Danish law-enforcement officer and author (1903–1978)

Jens Jersild (1903–1978) was a Danish law-enforcement officer and author who, as the chief of Copenhagen's Morality Police, persecuted homosexuals under his position from 1951 until his retirement in 1971. He was known as one of the most prominent anti-gay figures of his time.

Jersild's raid of gay magazine Vennen in 1955 catalyzed what would later be known as the "pornography affair" (Pornografiaffæren), which culminated with multiple Danish gay men dying by suicide and LGBT+ Danmark losing nearly all of its members.
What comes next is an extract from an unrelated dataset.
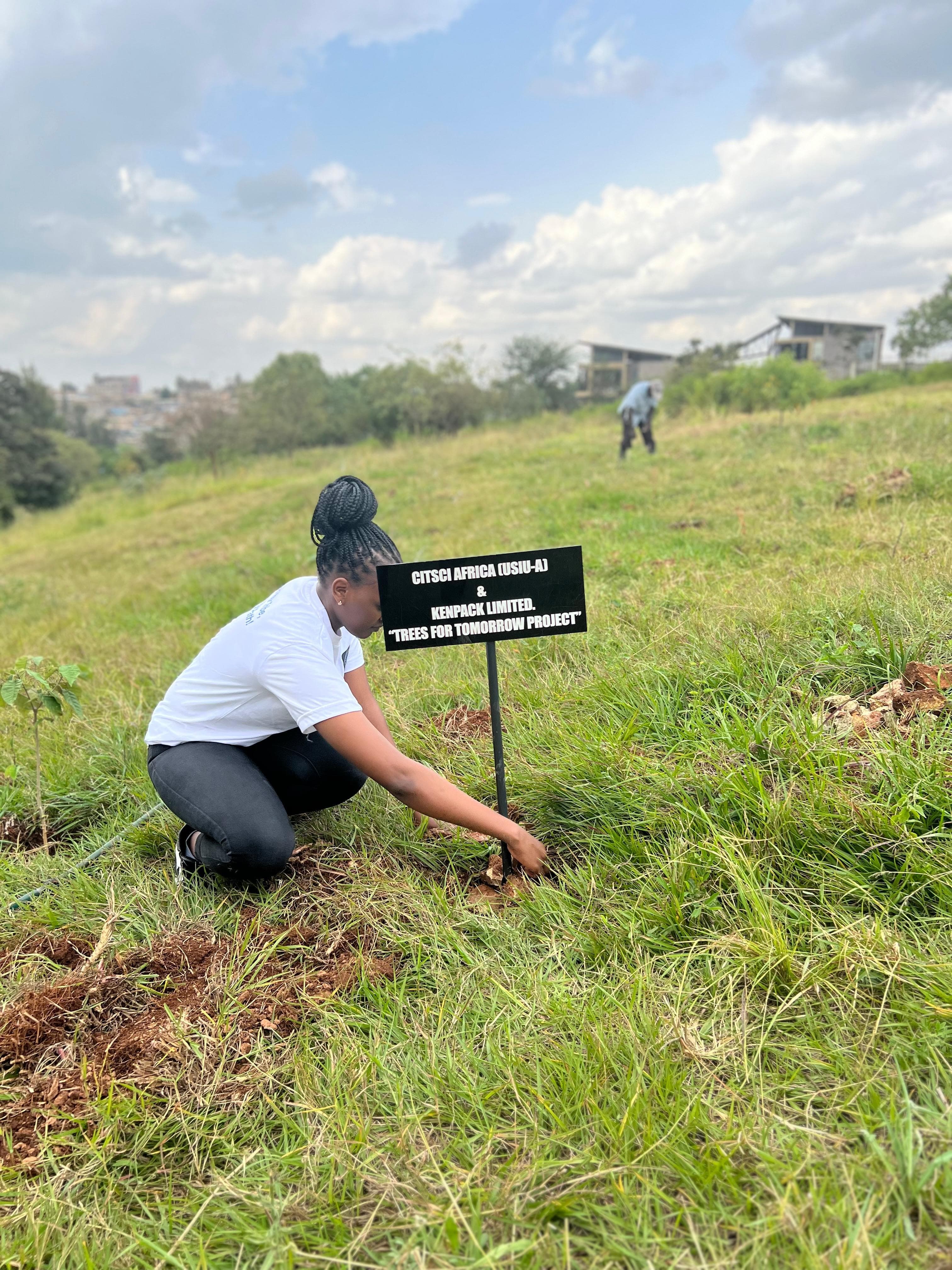 Kenpack staff planting trees under the Trees for Tomorrow project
A prominent voice in Danish popular discourse, Jersild gave lectures and made multiple media appearances as an expert on the topic of sexual crimes across the country. His book Pedophiles: Child Lovers (1964) was an early introducer of the word "pedophile" into Danish public discourse. He is also the author of Boy Prostitution (1956). Jersild was an advisor in the production of crime movie Bundfald (1957), as well as other films.